In the figure,$AB$ and $CD$ are two chords of a circle intersecting each other at point $E$. Prove that $\angle AEC = \frac{1}{2}$ (angle subtended by arc $CXA$ at the centre $+$ angle subtended by arc $DYB$ at the centre).

(N/A) Given: $AB$ and $CD$ are two chords of a circle with centre $O$,intersecting at point $E$.
To prove: $\angle AEC = \frac{1}{2} (\angle AOC + \angle BOD)$.
Construction: Join $AC, BC, BD$ and $AD$.
Proof:
$1$. We know that the angle subtended by an arc at the centre is double the angle subtended by it at any point on the remaining part of the circle.
$2$. Arc $CXA$ subtends $\angle AOC$ at the centre and $\angle ABC$ at the remaining part of the circle. Therefore,$\angle AOC = 2 \angle ABC$ $....(1)$
$3$. Similarly,arc $DYB$ subtends $\angle BOD$ at the centre and $\angle BCD$ at the remaining part of the circle. Therefore,$\angle BOD = 2 \angle BCD$ $....(2)$
$4$. Adding $(1)$ and $(2)$,we get: $\angle AOC + \angle BOD = 2(\angle ABC + \angle BCD)$ $....(3)$
$5$. In $\Delta CEB$,$\angle AEC$ is an exterior angle.

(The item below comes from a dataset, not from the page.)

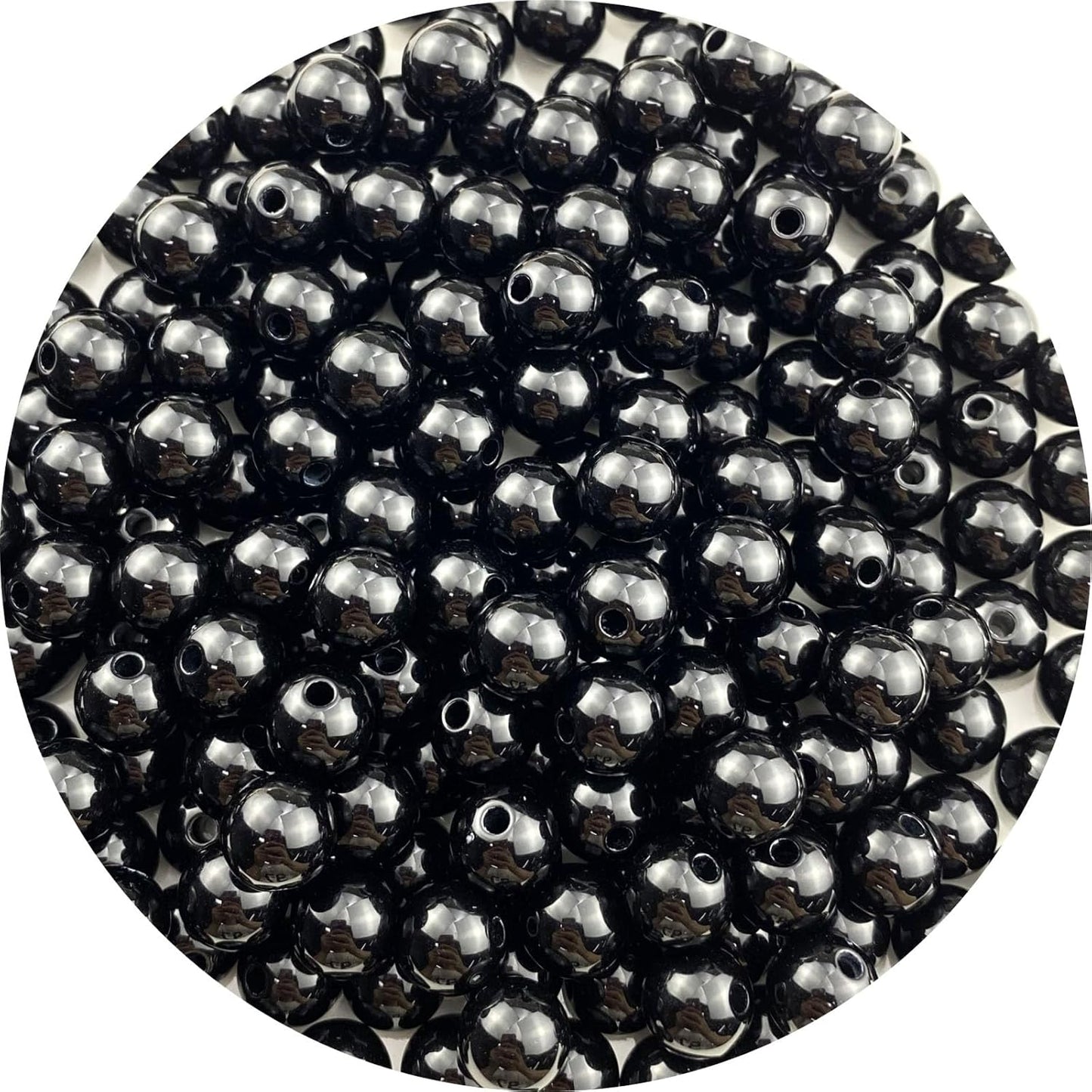 200 Pieces 10mm Acrylic Round Beads Smooth Spacer Plastic Pastel Beads Craft Beads for DIY Craft Jewelry Making Bracelets Necklaces Earring Crafting Supplies(Yellow)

By the exterior angle property,the exterior angle of a triangle is equal to the sum of the two interior opposite angles.
$6$. Therefore,$\angle AEC = \angle ABC + \angle BCD$ $....(4)$
$7$. From $(3)$ and $(4)$,we get: $\angle AOC + \angle BOD = 2 \angle AEC$.
$8$. Thus,$\angle AEC = \frac{1}{2} (\angle AOC + \angle BOD)$.
Hence,$\angle AEC = \frac{1}{2}$ (angle subtended by arc $CXA$ at the centre $+$ angle subtended by arc $DYB$ at the centre).